YouTube Stops Pretending It's TV, Turns to Home-Grown Talent
Google took YouTube back to its roots in its pitch to media buyers and advertisers Wednesday night. Instead of making announcements about new channels or a major investment, YouTube used its "Brandcast" as an opportunity to show off homegrown talent and laud viral videos like the Harlem Shake.
The event -- part of the NewFronts, where purveyors of digital video and other content are pitching ad buyers on their programming, much as TV networks promote their fall lineups at the upfronts -- stood in stark contrast to last year's YouTube presentation. A year ago the company announced its commitment to spend $200 million to promote original channels and featured a performance from Jay-Z and appearances by Flo Rider and Pharrell Williams.
The "stars" in attendance this year -- including Felicia Day, actress and producer of the channel Geek & Sundry; Lindsey Stirling, who was booted from "America's Got Talent" and went on to create the Lindseystomp channel; Kid President; and rapper Macklemore -- were likely unknown to ad buyers. The biggest performer in attendance was Snoop Lion (nee Snoop Dogg).
YouTube doesn't seem to have a problem with that, as it spent the entire presentation focusing on its reach among 18-to-34 year-olds, or what it calls Generation C.
This generation focuses on "creation, curation, connection and community," Google Executive Chairman Eric Schmidt said.
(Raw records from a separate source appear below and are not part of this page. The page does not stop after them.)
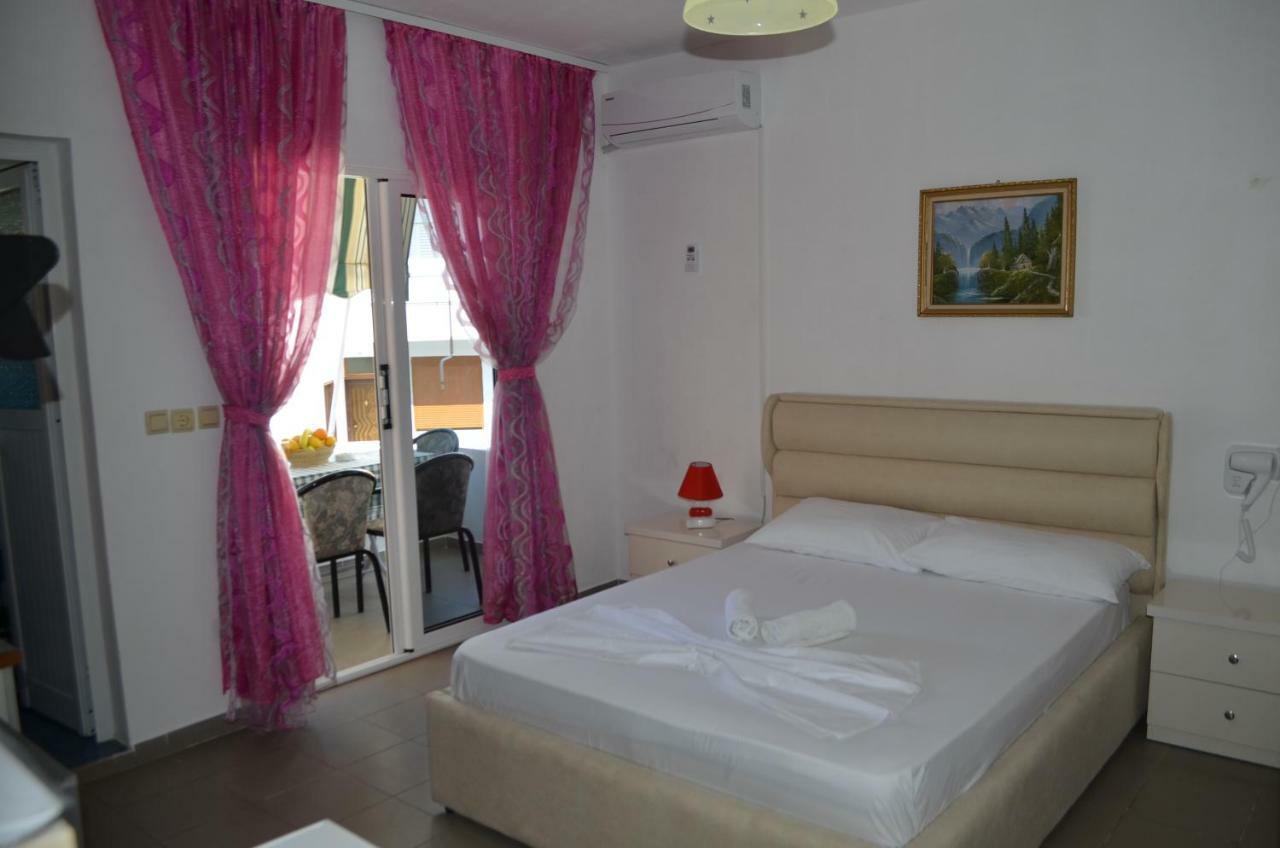 Villa Viktor Sarandë Exterior foto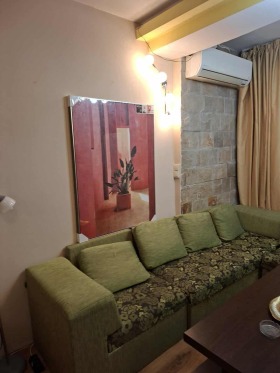 Мансарда Карпузица, София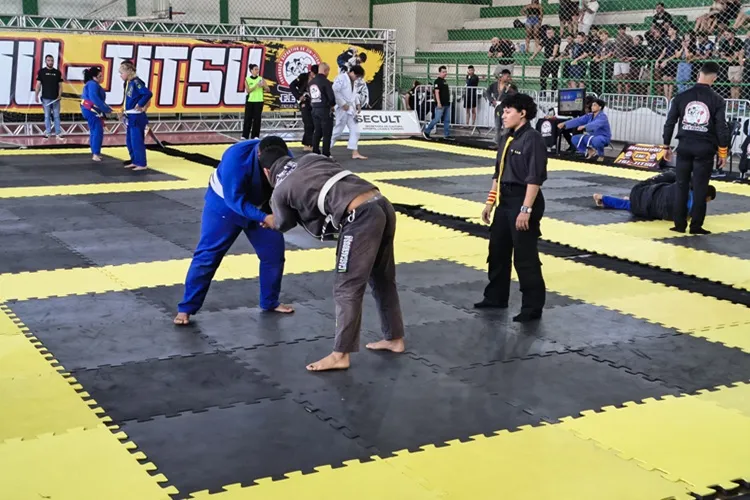 Atletas disputaram a sétima etapa do Campeonato Baiano de Jiu-jitsu em Brumado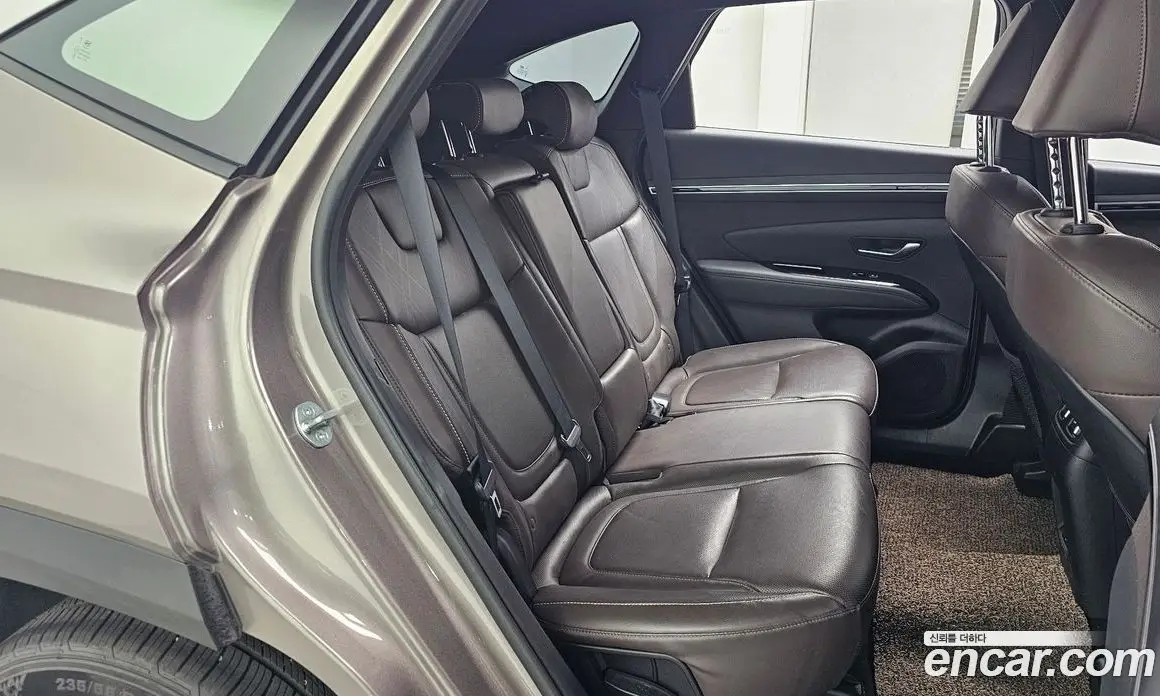 Hyundai Tucson 2023 1.6 автомат (гидро), фото 17
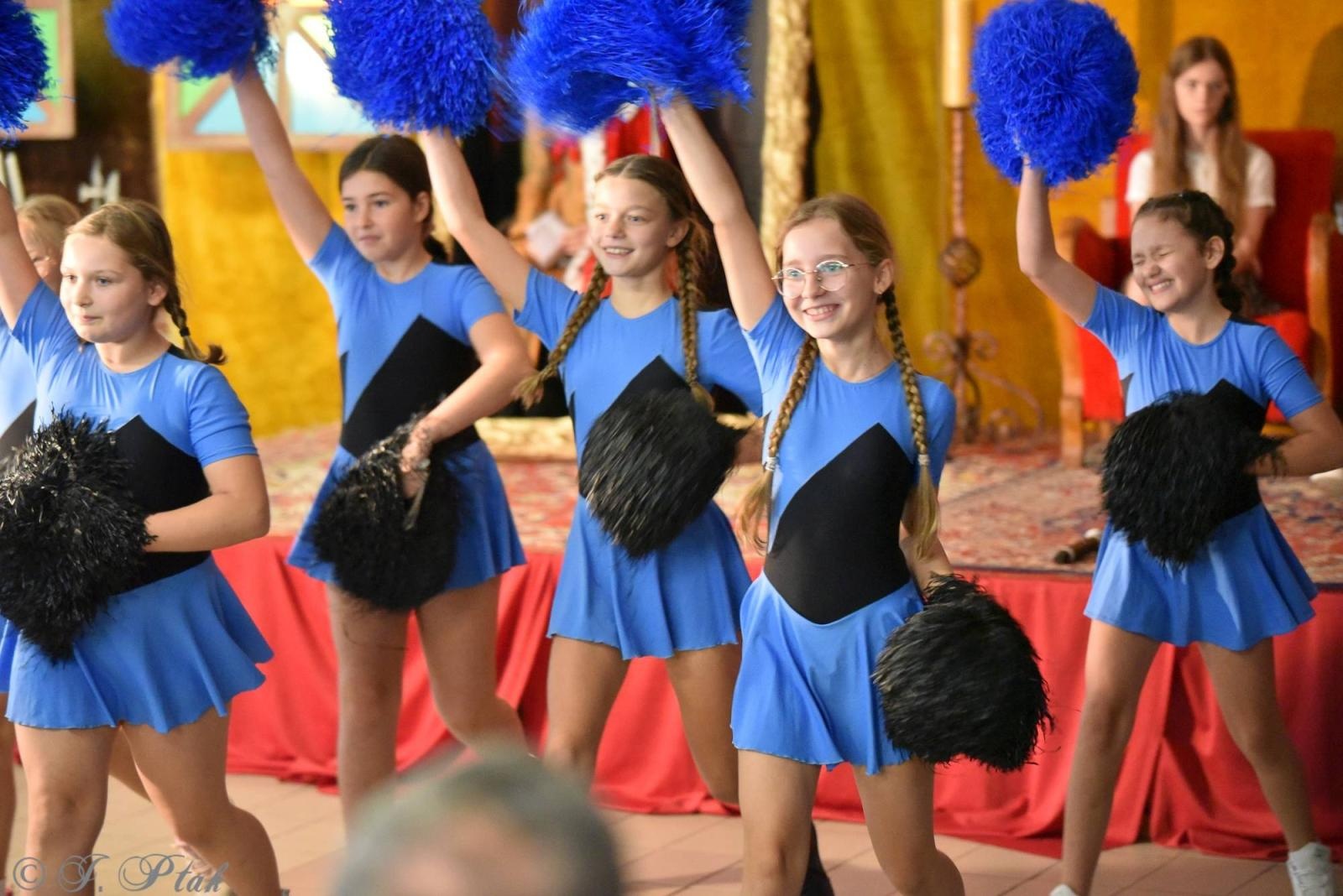 Zdjęcie w galerii na portalu naszraciborz.pl: Urodziny Osiemnastki. 30 lat szkoły w kalejdoskopie wiadomości z regionu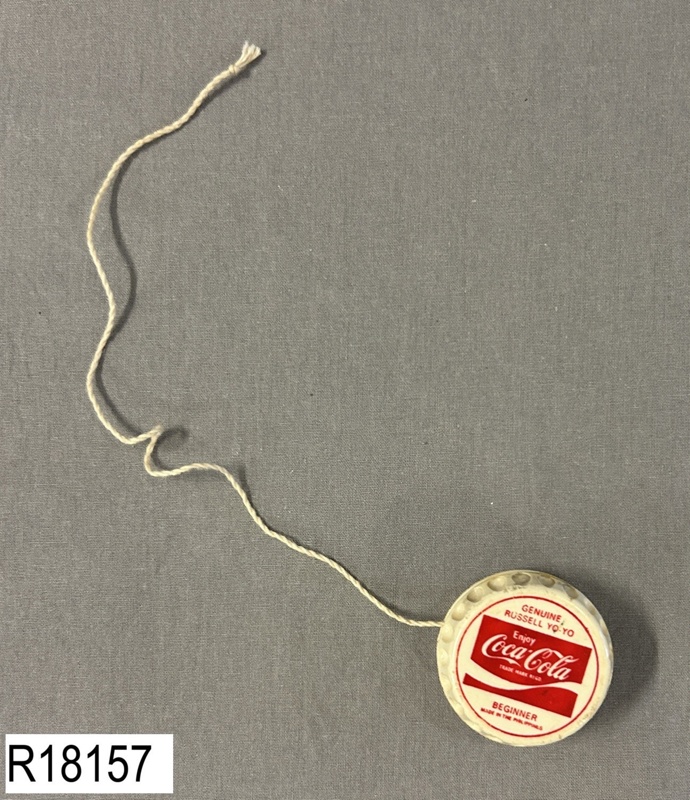 YoYo (Cream Plastic Coca Cola - Beginner); The Jack Russell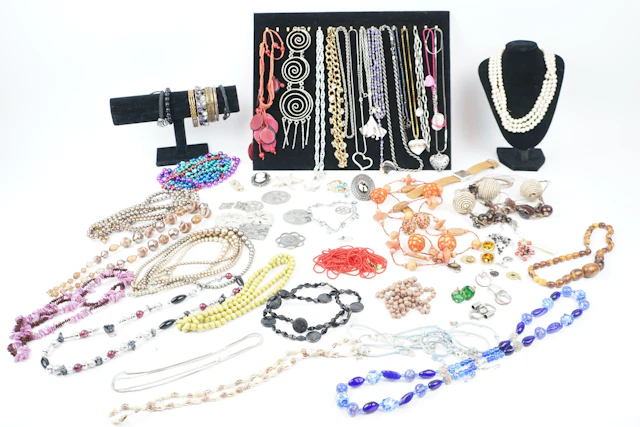 Costume jewellery, a lot.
And according to Nielsen, YouTube reaches more viewers in this demo than any single cable network.
The company boasted 1 of having billion unique monthly viewers and said people spent 50% more time watching YouTube in 2012 than the year before. And Mr. Schmidt expects that number to get larger as the proliferation of mobile devices grows.
This shift in its presentation is in-line with how YouTube plans to handle advertising negotiations. After its ad packages were described as "aggressive" last year, YouTube is lowering the minimum size of the buy it requires to lure a broader range of advertisers to shift money out of TV.
"I thought that YouTube was like TV, but it isn't," said Robert Kyncl, global head of content. "TV is one-way. YouTube talks back. TV skews older; YouTube attracts Gen C....A view on YouTube is worth more than an impression on TV."
While YouTube talked big numbers, its announcements were limited.
Ahead of the presentation, DreamWorks Animation announced the acquisition of Awesomeness TV, a YouTube channel dedicated to teens. DreamWorks CEO Jeffrey Katzenberg said they will look for ways to incorporate DreamWorks franchises into the channel.
Awesomeness TV also unveiled a new scripted drama, "Side Effect" and "How to be a YouTube Star," which will give fans the opportunity to star in their own video.
The channel has launched 20 shows over eight months. "You might ask wouldn't it make sense to do three or four shows and see what sticks?" said Awesomeness TV CEO Brian Robbins. "No. Us adults, we eat meals; kids, they snack and they snack a lot. I have a handful of marquee shows I keep on my radar; teens have the appetite and time to watch ton of content."
YouTube also unveiled Brand ID, a listening tool designed for the platform that allows brands to track beyond their own subscriber numbers to measure fan creative and listen to the conversations surrounding the brand taking place on YouTube.